Karkidaka Vavu (Malayalam: കർക്കിടക വാവ്), also known as Karkidaka Vavu Bali or Vavu Bali, is a set of Hindu rituals performed annually during the Karkidakam month in the state of Kerala, India, to honor deceased ancestors.

On the day of Amavasya (new moon), people gather at riverbanks, beaches, or temple ghats at dawn, dressed simply and carrying natural offerings like cooked rice balls, sesame seeds, tulsi leaves, and coconuts. This ritual, known as Bali Tharpanam, is believed to help departed souls attain moksha (liberation), while also offering spiritual strength and blessings to the living.

Major ritual sites include riverbanks such as the Pamba, temple tanks in villages, and beaches like Papanasham Beach in Varkala, which becomes a prominent spiritual hub during the day. There is also a belief that doing the ritual at home is the most sacred offering.

==Rituals and Significance==
The word "Bali" here refers to offering, not sacrifice. The ritual centers around performing symbolic gestures using pindam (rice balls), sesame, and sacred water, led by priests. These items are offered with prayers and immersed into flowing waters. The rituals are deeply tied to nature, traditionally conducted outdoors amidst Kerala's monsoon season.

The month of Karkidakam is historically seen as a difficult time, marked by heavy rains, farming challenges, and illness. Performing bali during this period is both a remembrance and a plea for protection. Many see the act as more than religious—it is an emotional connection with lineage, land, and a larger cosmic rhythm.

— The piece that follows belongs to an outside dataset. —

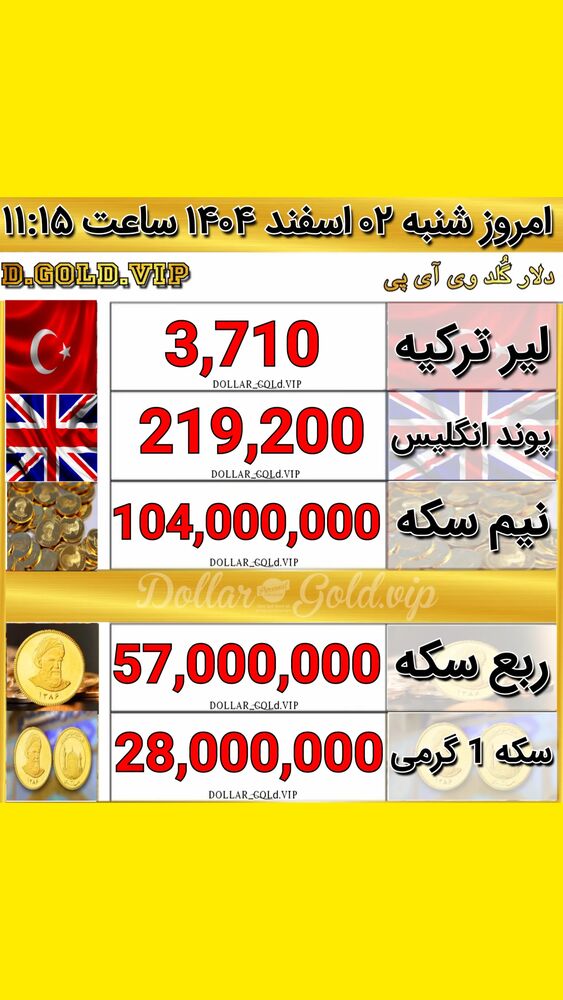  جدید ترین استوری اینستاگرام قیمت دلار طلا سکه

==Ecological and Cultural Aspects==
Karkidaka Vavu rituals are noted for being naturally eco-friendly. All items used are biodegradable and seasonally sourced—nothing synthetic is involved. The ritual is performed without fanfare or excess, often barefoot in nature, reinforcing a message of humility and ecological balance.

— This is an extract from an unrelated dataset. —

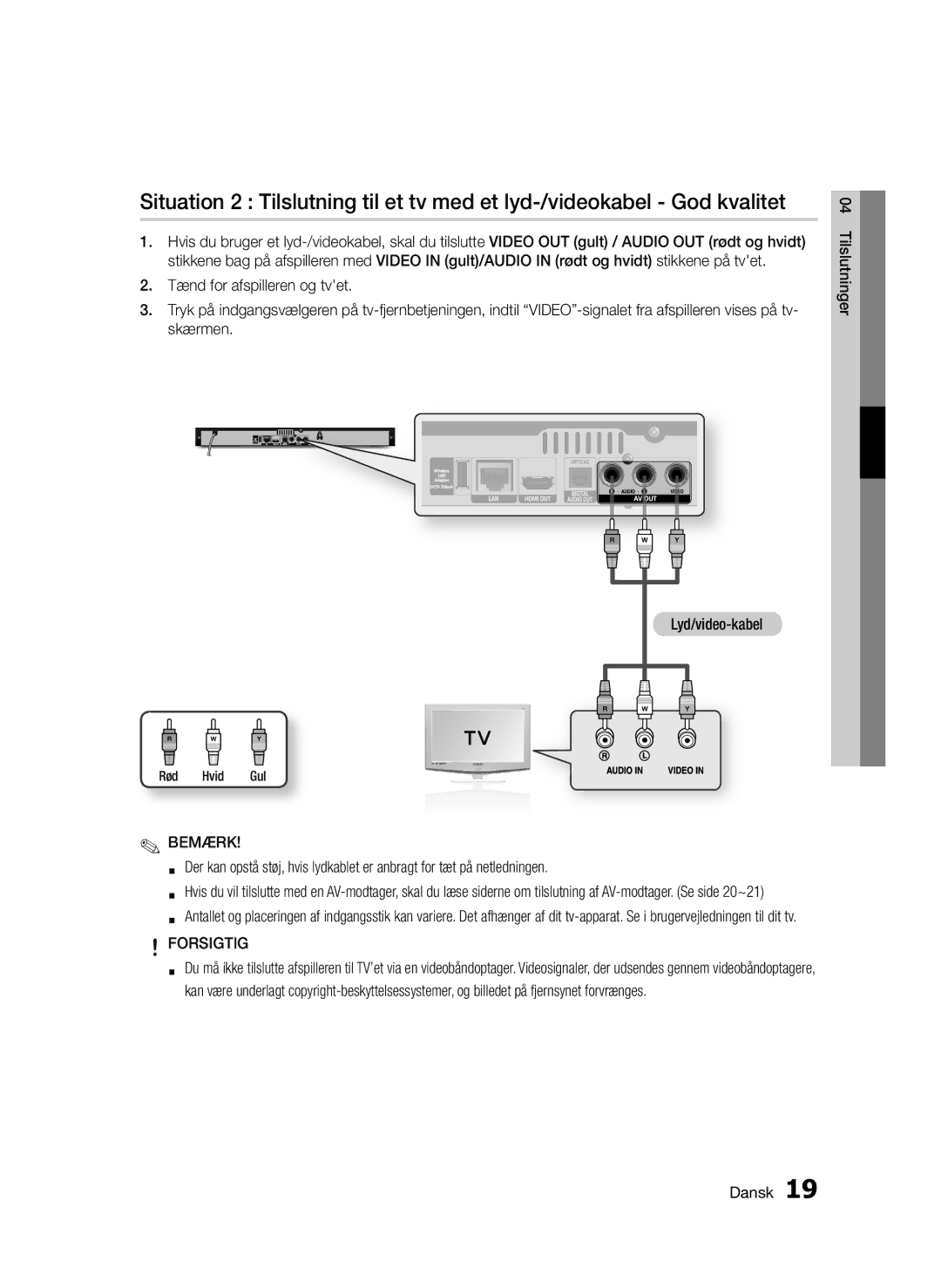 Samsung BD-D5300/XE manual Rød Hvid Gul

Climate change has started impacting the performance of the rituals. In recent years, floods and coastal erosion have altered or damaged traditional ritual sites, making it difficult for people to perform the bali in their ancestral locations. Nonetheless, community resilience remains strong, with collective efforts emerging to protect these sacred spaces.

==Cultural Reflection==
Karkidaka Vavu Bali is not just a spiritual ritual but a time of quiet reflection—on the past, the challenges of the present, and hopes for the future. It is deeply rooted in Kerala's cultural identity and remains relevant even in modern times for its simplicity, environmental respect, and emotional resonance.